6. The building roof water film evaporative cooling system according to claim 5, characterized in that: An energy dissipation component is provided between the water outlet trough and the overflow baffle. The energy dissipation component includes several parallel water-blocking energy dissipation plates, and water passage holes are provided on the water-blocking energy dissipation plates along the thickness direction.

7. The building roof water film evaporative cooling system according to claim 1, characterized in that: The high end of the building roof is equipped with atomizing nozzles, which are connected to the outlet of the circulating water supply and return module.

8. The building roof water film evaporative cooling system according to claim 1, characterized in that: The circulating water supply and return module includes an underground water storage tank, a variable frequency pump, a main water supply pipe, a spray branch pipe, a suction pipe, and a return collection pipe.

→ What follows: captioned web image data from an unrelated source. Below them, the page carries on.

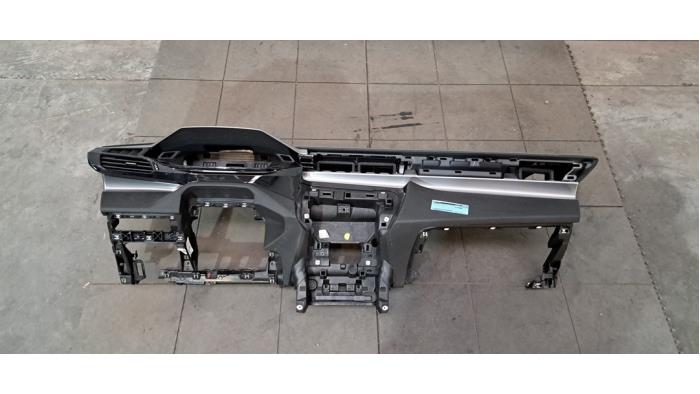 Tableau de bord Peugeot 408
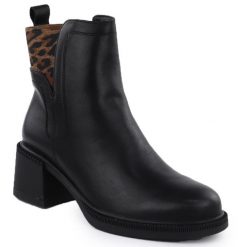 Skórzane botki na słupku czarne Vinceza 26-66855. Czarne botki damskie VINCEZA, ze skóry, eleganckie, bez obcasa, na słupku, bez zapięcia. Za 269.99 zł.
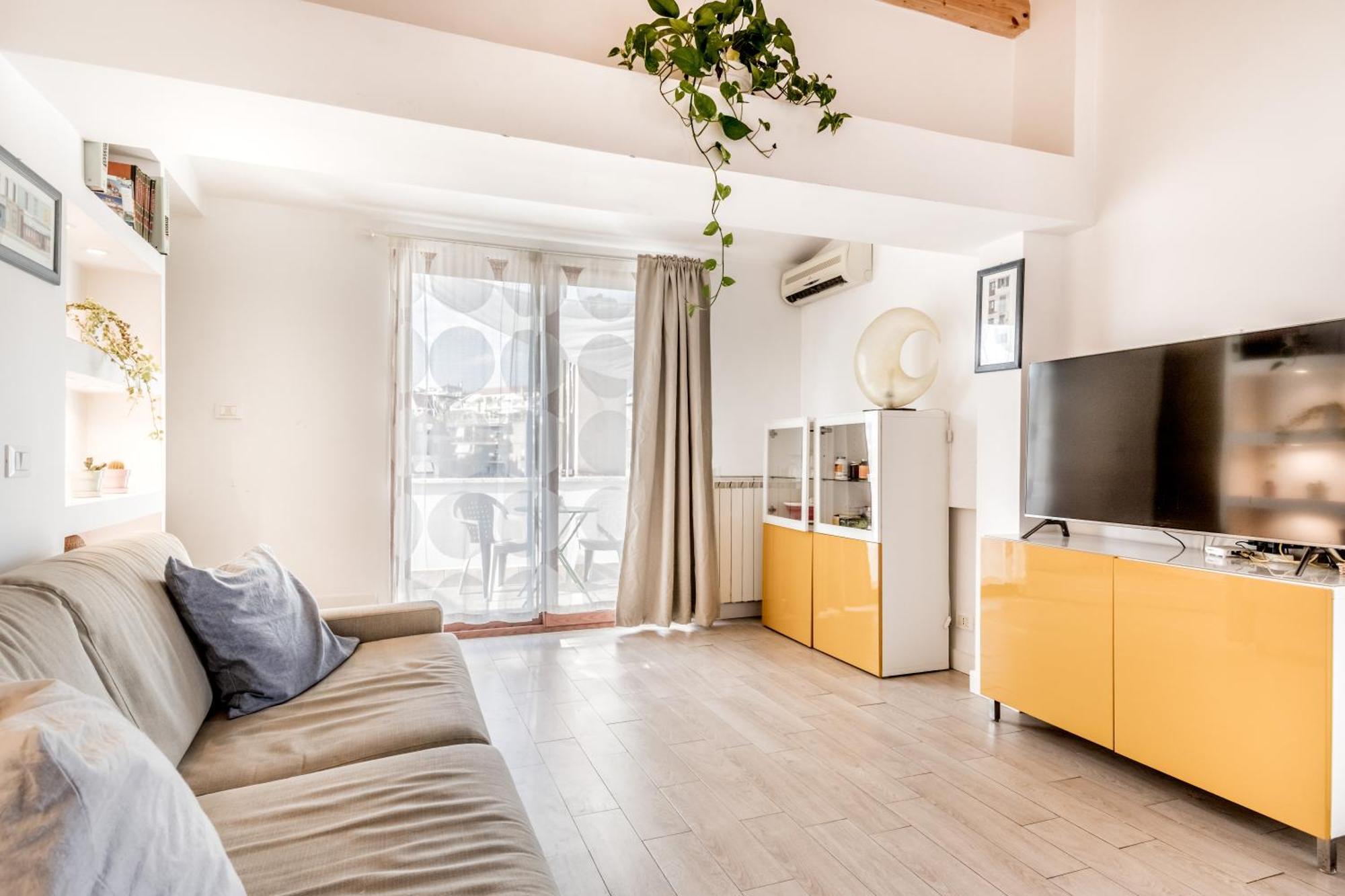 Apartamento Attico Trilocale In Zona Farnesina
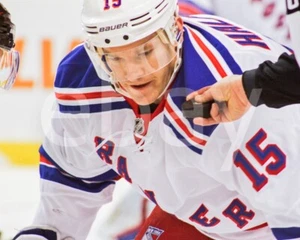 Color 8x10 photo of New York Rangers star Jeff Halpern. (Vol. 5) - Picture 1 of 1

The inlet of the variable frequency pump is connected to the underground water storage tank through the suction pipe, and the outlet of the variable frequency pump is connected to the overflow trough through the main water supply pipe. One end of the spray branch pipe is connected to the main water supply pipe, and the other end is connected to atomizing nozzles installed at the high end of the building roof. One end of the return collection pipe is connected to the drain hole at the bottom of the water receiving trough, and the other end is connected to the underground water storage tank.

9. The building roof water film evaporative cooling system according to claim 8, characterized in that: The underground water storage tank is equipped with a photocatalytic filter membrane and ultraviolet (UV) lamps, and / or a filtration and purification unit is installed on the return collection pipe.

10. The building roof water film evaporative cooling system according to claim 8, characterized in that: It also includes an environmental perception and control module, which includes a controller, a temperature sensor, and a comprehensive sensor. The temperature sensor is used to collect roof surface temperature data, and the comprehensive sensor is used to collect wind speed and humidity data. The controller adjusts the working status of the variable frequency pump and the atomizing nozzle according to the temperature, humidity, wind speed, and preset control thresholds.